EXERCISE INPUTS:
++++

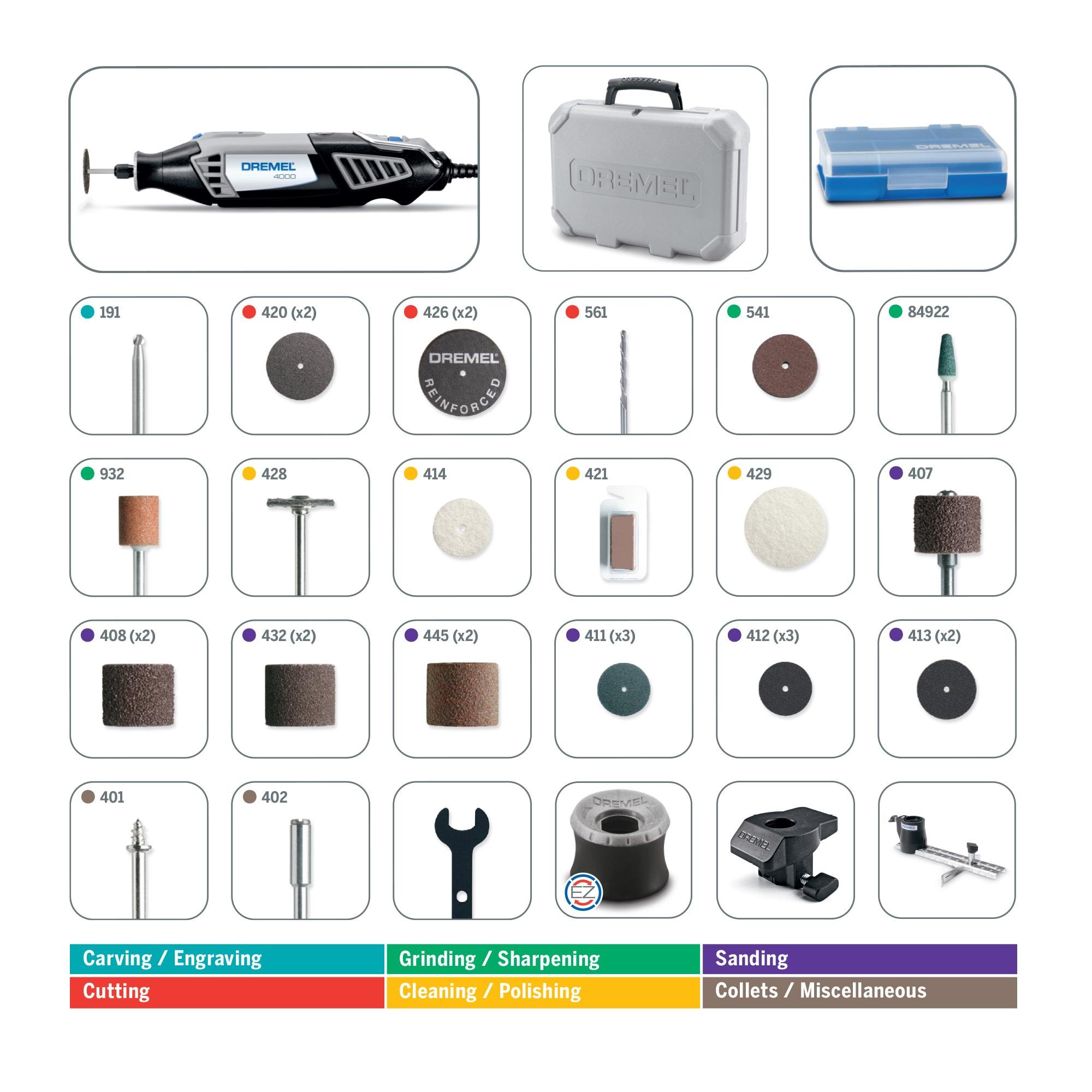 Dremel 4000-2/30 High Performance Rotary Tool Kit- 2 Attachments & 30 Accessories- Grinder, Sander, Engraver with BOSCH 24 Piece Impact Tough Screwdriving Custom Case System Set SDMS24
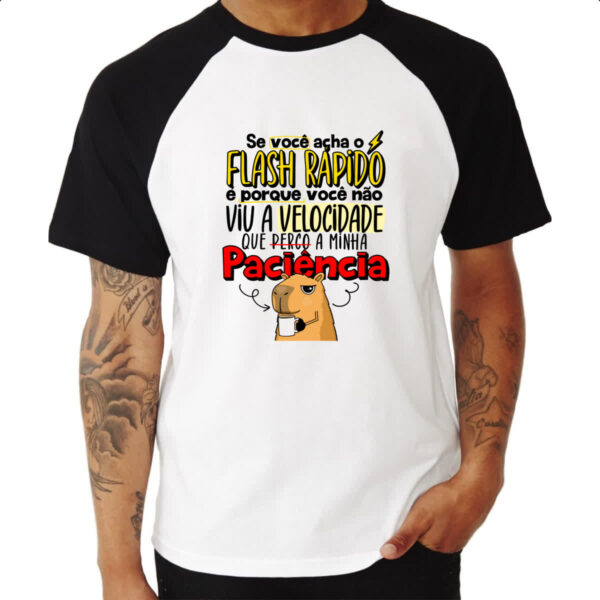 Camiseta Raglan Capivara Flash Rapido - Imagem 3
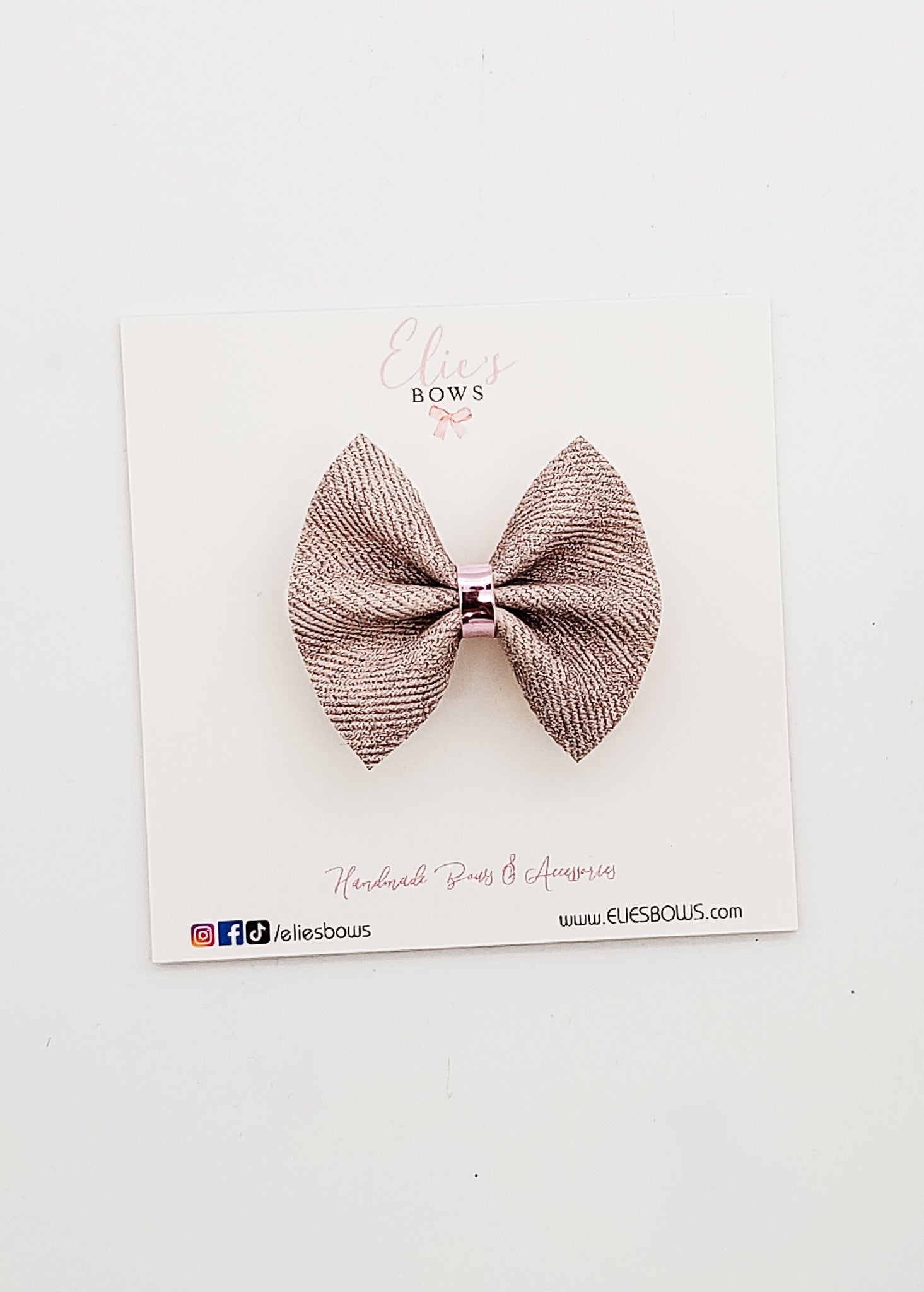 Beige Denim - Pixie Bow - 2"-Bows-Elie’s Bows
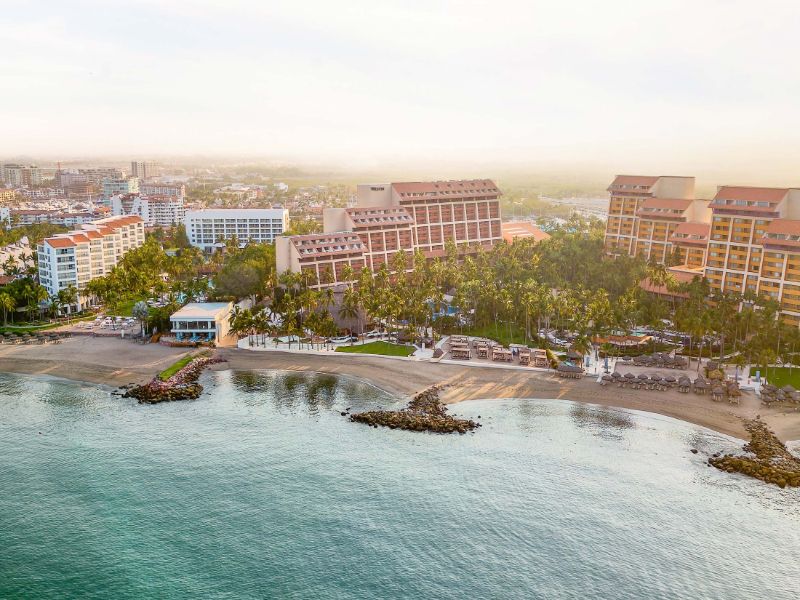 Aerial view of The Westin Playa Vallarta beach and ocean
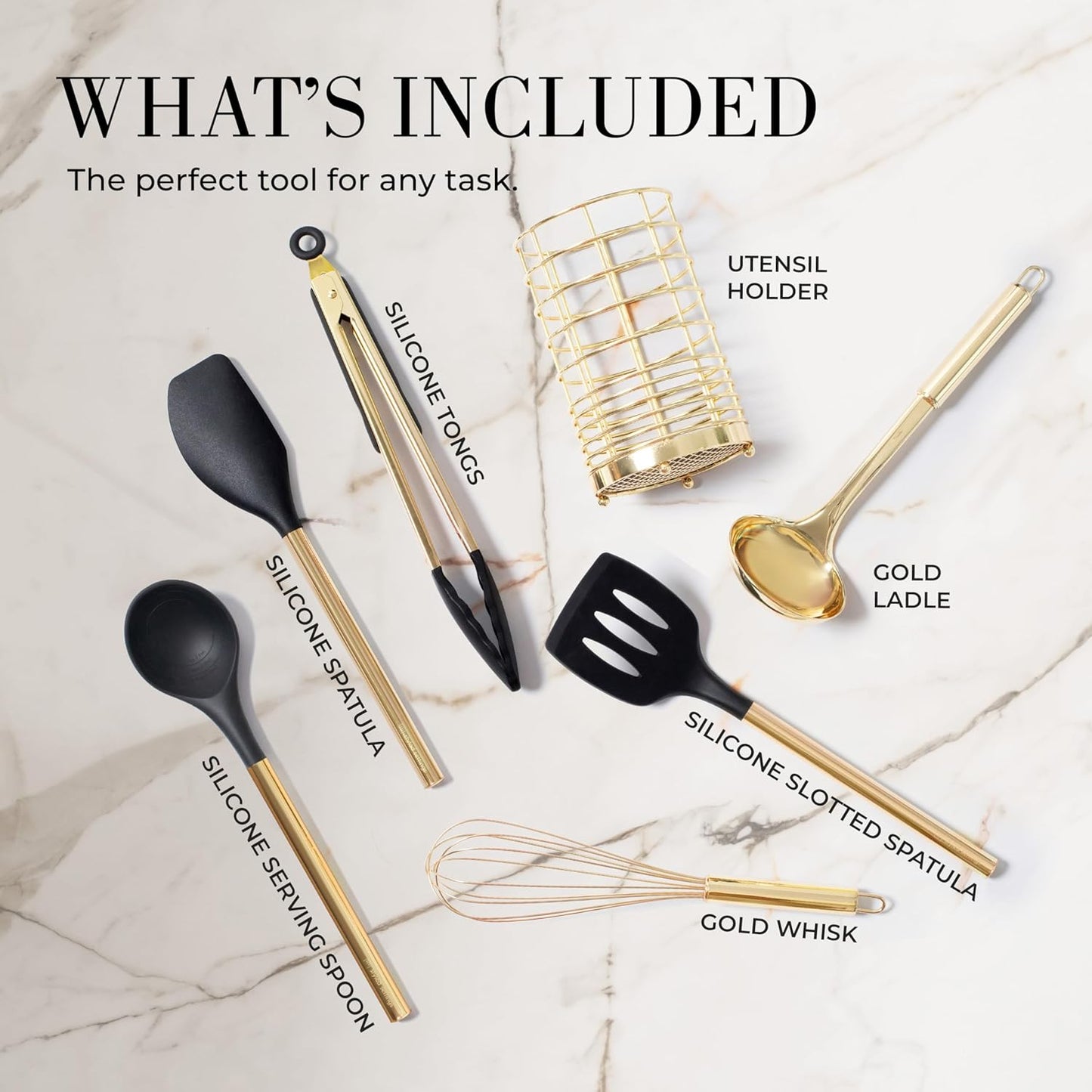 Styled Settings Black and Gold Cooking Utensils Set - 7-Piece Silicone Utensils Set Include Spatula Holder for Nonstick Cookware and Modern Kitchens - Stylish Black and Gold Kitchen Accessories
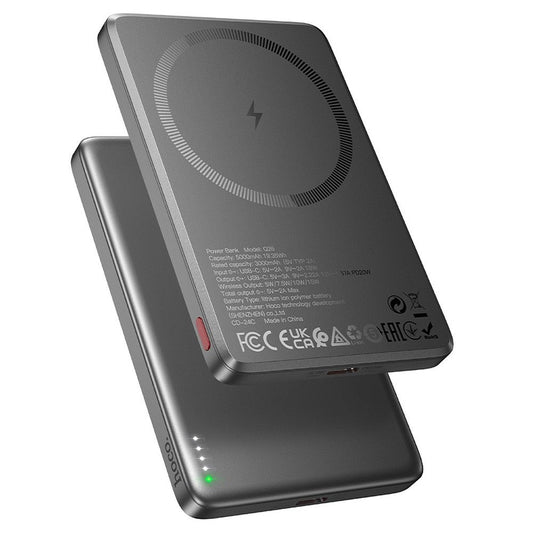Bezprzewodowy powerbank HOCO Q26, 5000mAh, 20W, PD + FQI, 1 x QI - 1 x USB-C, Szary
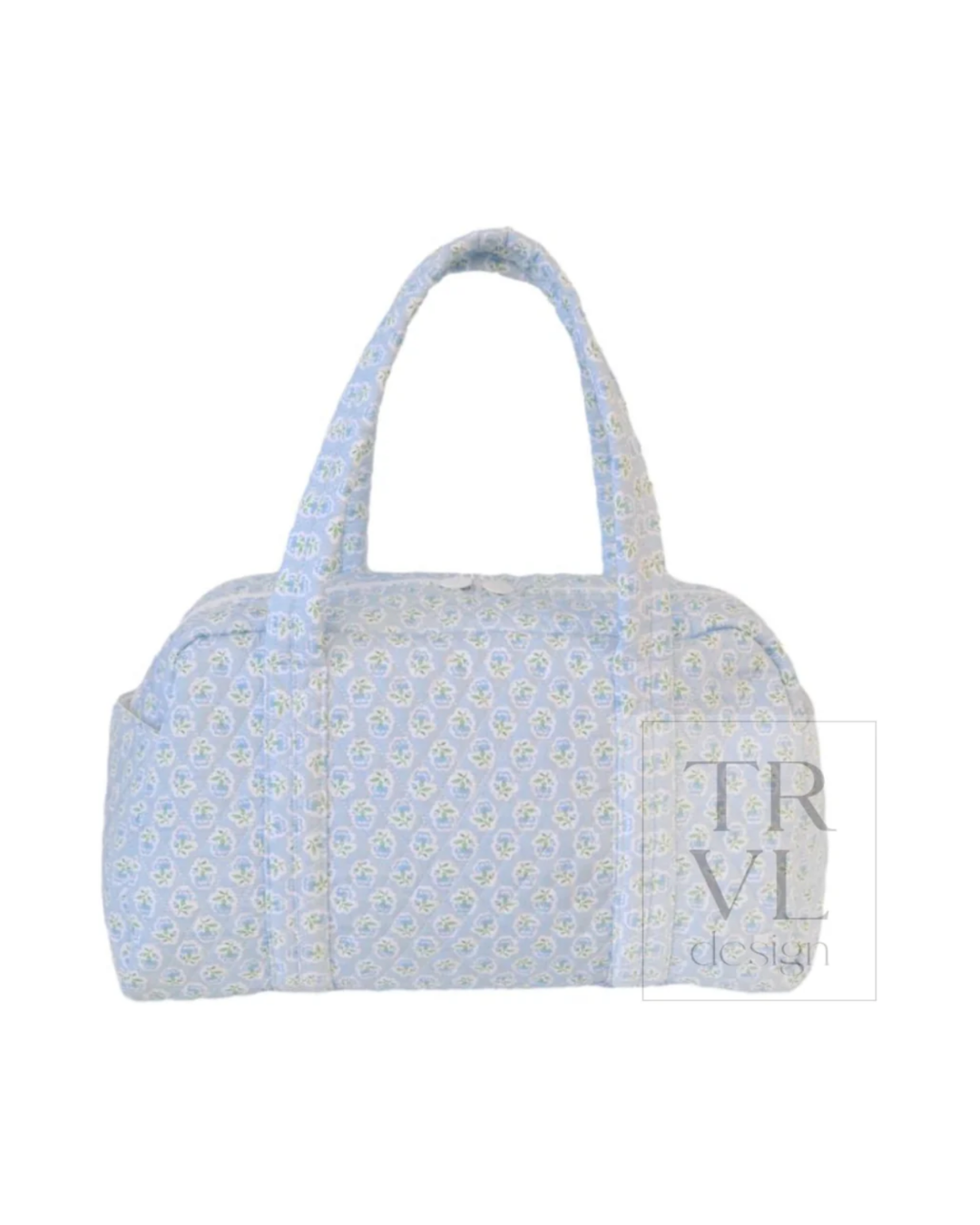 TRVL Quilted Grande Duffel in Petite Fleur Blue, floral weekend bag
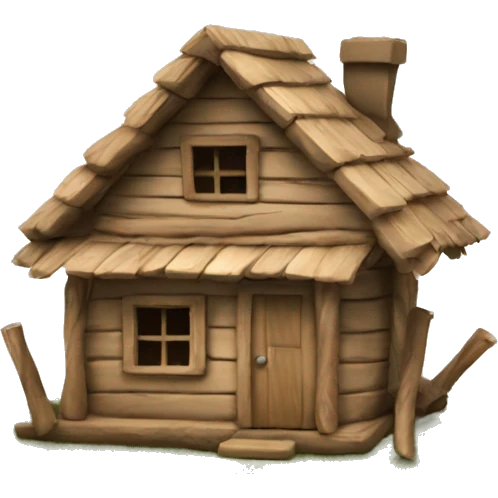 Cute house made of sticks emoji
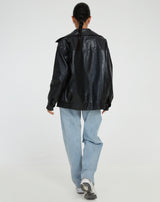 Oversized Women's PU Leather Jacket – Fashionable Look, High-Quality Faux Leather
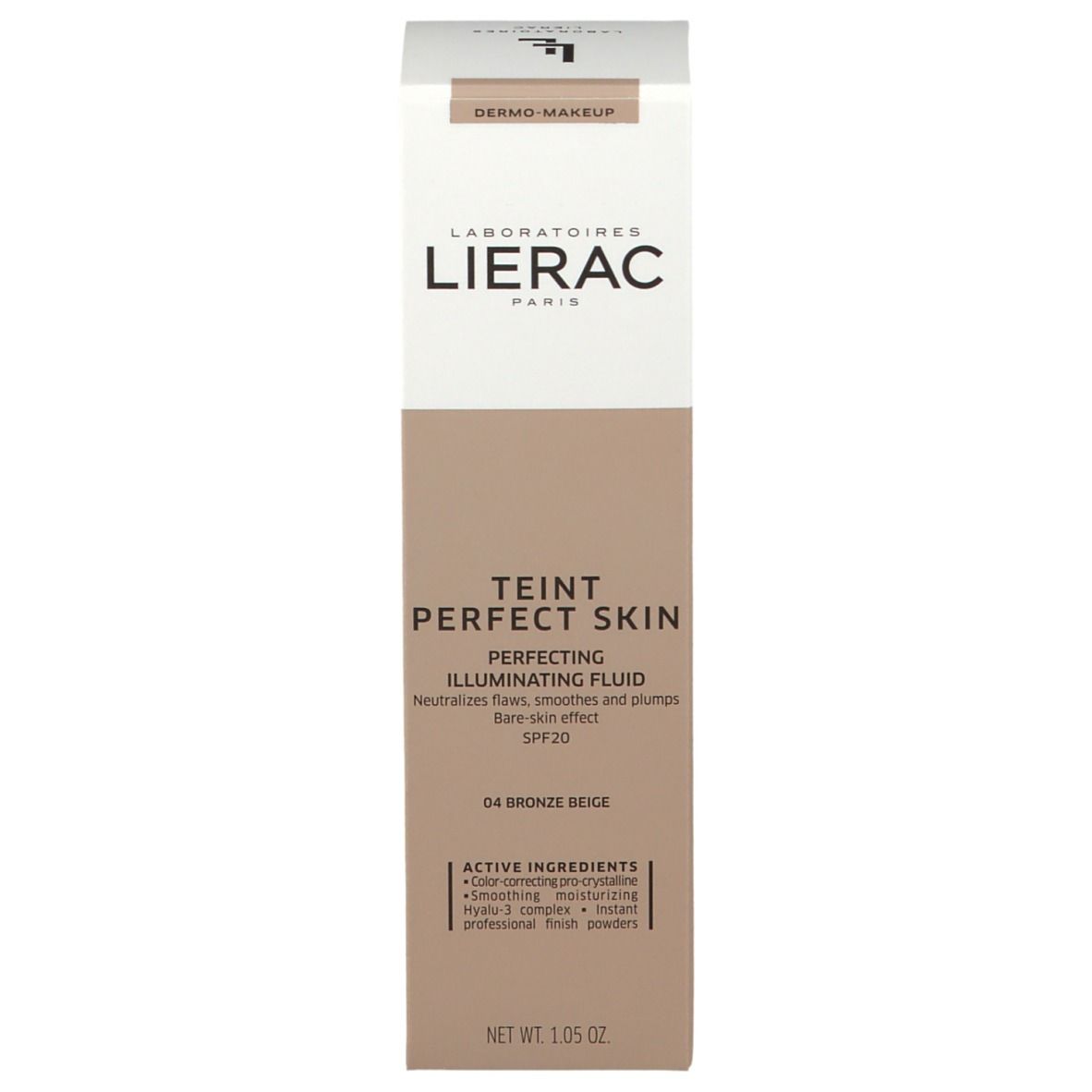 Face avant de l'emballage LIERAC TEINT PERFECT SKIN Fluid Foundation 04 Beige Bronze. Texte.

++++

WHAT TO WORK ON: Pictures stay out; output the lines from the top of the listing above through the line containing "Aerial view of", exactly as they stand.

RESPONSE TO THIS EXERCISE:
 Dremel 4000-2/30 High Performance Rotary Tool Kit- 2 Attachments & 30 Accessories- Grinder, Sander, Engraver with BOSCH 24 Piece Impact Tough Screwdriving Custom Case System Set SDMS24
 Camiseta Raglan Capivara Flash Rapido - Imagem 3
 Beige Denim - Pixie Bow - 2"-Bows-Elie’s Bows
 Aerial view of The Westin Playa Vallarta beach and ocean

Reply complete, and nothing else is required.